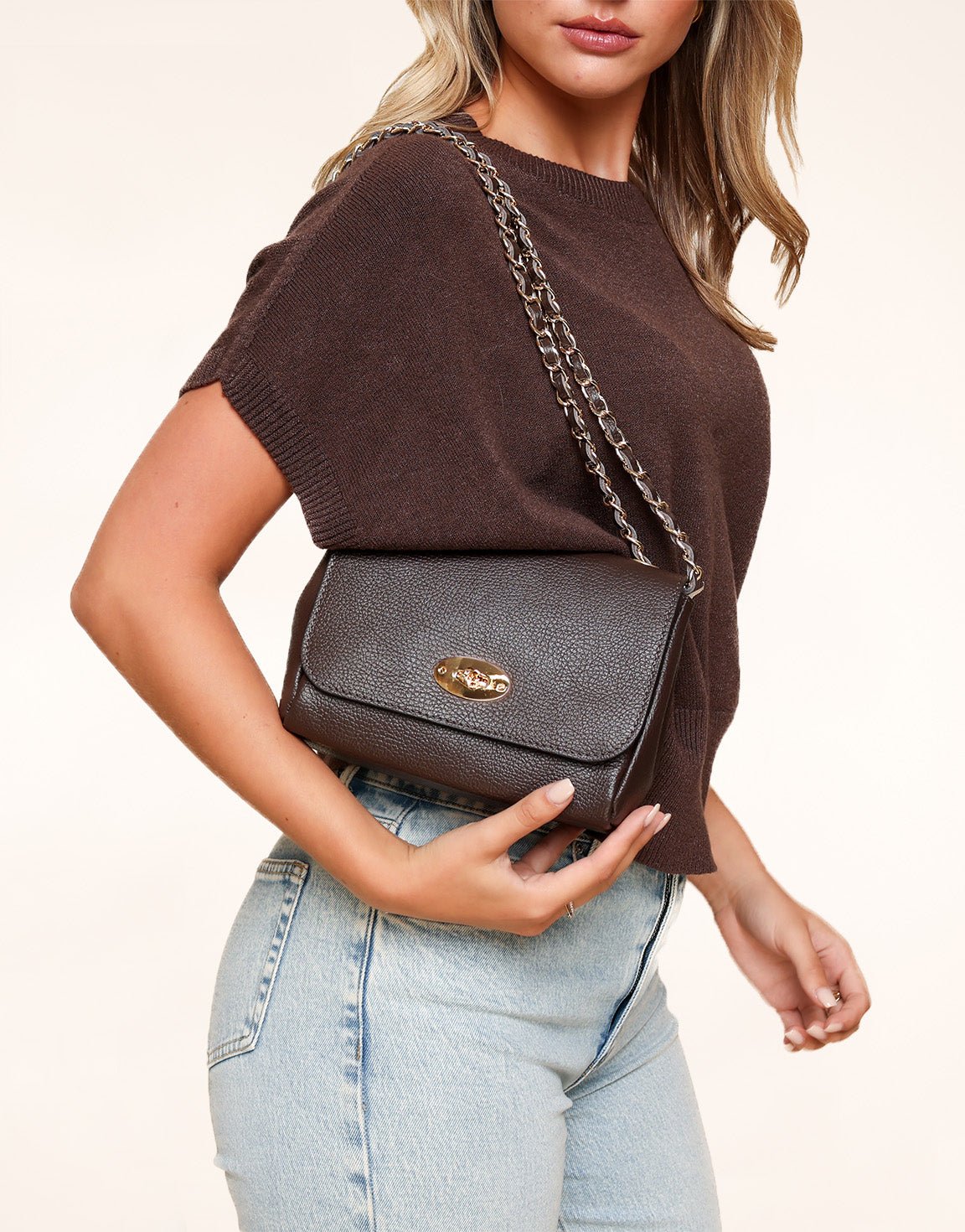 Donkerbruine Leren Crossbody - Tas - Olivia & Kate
════════════════════
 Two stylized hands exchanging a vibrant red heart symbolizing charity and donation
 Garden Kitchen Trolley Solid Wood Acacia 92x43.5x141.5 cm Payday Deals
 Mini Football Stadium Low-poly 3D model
════════════════════
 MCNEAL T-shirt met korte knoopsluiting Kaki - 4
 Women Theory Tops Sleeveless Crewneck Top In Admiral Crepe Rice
════════════════════
■ **EXERCISE AIM**
Could you reproduce exactly the lines of the entries above, from the one with "Garden Kitchen Trolley" through the one with "Mini Football Stadium Low-poly 3D model", and nothing else?

■ **SOLUTION TO THIS PROBLEM**
 Garden Kitchen Trolley Solid Wood Acacia 92x43.5x141.5 cm Payday Deals
 Mini Football Stadium Low-poly 3D model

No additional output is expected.